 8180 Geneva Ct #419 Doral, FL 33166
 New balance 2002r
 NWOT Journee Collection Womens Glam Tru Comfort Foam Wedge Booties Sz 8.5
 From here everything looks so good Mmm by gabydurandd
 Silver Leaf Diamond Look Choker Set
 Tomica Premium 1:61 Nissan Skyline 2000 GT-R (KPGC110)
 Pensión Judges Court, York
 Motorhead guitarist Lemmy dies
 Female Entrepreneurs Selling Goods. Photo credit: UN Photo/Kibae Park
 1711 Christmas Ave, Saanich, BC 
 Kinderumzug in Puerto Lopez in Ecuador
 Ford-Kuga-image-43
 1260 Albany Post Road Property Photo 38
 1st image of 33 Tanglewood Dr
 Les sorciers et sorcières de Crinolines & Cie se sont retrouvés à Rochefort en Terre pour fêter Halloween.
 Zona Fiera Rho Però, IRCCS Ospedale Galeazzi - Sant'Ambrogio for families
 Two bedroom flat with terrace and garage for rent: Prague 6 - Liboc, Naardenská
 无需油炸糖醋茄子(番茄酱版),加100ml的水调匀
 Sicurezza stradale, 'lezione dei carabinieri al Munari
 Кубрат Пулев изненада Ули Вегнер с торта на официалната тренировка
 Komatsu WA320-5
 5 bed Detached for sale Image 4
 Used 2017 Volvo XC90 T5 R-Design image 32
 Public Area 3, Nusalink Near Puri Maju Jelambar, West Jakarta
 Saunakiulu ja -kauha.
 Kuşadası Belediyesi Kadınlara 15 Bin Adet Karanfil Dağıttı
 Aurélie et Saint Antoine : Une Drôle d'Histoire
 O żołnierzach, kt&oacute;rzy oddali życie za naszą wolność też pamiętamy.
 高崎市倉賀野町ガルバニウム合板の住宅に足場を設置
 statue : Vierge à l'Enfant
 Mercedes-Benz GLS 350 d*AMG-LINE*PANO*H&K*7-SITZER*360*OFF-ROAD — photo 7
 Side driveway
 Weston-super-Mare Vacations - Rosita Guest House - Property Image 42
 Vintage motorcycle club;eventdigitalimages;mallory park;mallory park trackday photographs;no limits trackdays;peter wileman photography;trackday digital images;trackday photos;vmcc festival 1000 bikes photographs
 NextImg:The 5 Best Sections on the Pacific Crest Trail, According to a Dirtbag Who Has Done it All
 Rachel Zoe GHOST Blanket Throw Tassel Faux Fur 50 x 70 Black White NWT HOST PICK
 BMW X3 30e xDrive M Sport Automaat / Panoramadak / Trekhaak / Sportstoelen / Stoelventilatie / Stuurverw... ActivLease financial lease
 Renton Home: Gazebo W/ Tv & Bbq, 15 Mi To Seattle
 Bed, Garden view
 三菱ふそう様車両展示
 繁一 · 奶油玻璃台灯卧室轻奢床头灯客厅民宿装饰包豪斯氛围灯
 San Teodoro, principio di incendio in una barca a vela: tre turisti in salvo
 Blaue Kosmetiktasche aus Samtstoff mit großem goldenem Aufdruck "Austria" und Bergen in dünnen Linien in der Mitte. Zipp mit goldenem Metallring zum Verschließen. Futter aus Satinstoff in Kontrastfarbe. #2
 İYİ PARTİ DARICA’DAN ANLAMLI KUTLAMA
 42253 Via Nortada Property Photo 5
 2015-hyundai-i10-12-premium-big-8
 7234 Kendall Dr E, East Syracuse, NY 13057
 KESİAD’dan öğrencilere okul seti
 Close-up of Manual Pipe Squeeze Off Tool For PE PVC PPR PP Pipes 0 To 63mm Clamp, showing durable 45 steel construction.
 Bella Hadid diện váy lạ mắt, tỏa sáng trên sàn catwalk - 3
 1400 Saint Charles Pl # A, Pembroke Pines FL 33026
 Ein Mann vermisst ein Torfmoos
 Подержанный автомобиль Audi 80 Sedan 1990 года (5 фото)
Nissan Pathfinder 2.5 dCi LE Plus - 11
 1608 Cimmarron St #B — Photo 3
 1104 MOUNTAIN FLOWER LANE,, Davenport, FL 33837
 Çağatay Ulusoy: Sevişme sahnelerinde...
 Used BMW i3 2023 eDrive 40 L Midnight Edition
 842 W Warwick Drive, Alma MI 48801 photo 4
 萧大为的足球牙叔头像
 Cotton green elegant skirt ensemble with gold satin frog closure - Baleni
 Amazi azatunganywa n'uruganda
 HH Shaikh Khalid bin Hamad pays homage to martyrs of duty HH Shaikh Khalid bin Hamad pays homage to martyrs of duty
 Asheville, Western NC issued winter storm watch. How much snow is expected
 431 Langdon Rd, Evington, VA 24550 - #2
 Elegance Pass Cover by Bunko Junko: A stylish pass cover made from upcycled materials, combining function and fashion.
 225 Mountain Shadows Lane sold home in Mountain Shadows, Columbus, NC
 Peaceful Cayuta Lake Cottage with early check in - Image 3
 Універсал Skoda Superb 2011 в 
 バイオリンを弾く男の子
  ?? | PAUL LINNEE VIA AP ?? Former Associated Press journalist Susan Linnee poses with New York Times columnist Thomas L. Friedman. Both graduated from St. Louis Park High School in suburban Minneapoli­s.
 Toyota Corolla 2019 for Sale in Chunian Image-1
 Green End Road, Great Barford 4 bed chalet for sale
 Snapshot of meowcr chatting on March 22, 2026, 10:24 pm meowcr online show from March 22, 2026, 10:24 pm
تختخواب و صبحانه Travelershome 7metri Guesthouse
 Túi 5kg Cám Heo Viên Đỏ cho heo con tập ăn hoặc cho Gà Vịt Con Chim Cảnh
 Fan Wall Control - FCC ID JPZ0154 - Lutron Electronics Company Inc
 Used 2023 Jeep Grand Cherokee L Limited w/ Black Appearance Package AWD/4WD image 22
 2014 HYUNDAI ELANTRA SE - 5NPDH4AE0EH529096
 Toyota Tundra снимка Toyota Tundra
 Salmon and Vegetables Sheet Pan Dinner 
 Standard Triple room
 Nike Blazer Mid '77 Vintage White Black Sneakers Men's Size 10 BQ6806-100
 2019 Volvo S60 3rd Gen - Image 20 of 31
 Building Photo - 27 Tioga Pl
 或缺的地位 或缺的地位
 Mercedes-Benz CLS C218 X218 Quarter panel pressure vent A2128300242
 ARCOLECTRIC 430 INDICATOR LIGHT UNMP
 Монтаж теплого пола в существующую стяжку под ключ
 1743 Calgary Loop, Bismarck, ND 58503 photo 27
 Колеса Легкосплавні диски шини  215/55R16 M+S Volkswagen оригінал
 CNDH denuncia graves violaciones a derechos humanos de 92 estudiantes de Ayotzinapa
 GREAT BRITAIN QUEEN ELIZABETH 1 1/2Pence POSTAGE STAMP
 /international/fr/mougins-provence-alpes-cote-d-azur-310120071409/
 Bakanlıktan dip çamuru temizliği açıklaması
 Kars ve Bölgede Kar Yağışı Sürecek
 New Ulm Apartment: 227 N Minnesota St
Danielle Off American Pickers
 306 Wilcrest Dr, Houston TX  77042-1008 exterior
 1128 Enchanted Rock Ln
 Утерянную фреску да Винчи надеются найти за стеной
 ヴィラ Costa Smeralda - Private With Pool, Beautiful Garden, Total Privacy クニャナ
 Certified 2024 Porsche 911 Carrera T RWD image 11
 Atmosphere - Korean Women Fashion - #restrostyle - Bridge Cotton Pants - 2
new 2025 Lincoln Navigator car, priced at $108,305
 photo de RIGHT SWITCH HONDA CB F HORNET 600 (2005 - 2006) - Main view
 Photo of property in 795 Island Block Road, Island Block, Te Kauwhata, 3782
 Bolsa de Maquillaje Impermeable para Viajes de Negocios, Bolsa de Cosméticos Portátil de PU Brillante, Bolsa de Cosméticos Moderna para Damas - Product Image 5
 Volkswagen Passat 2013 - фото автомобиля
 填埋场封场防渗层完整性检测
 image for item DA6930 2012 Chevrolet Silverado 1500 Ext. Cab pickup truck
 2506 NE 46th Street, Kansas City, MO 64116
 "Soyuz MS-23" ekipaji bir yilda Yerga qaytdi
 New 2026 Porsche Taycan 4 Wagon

## Directions for this task:
Starting at the line above that contains "Tomica Premium 1:61", repeat each line exactly up to and including the line that contains "Kinderumzug in Puerto Lopez in Ecuador", and stop there.

## Problem solution:
 Tomica Premium 1:61 Nissan Skyline 2000 GT-R (KPGC110)
 Pensión Judges Court, York
 Motorhead guitarist Lemmy dies
 Female Entrepreneurs Selling Goods. Photo credit: UN Photo/Kibae Park
 1711 Christmas Ave, Saanich, BC 
 Kinderumzug in Puerto Lopez in Ecuador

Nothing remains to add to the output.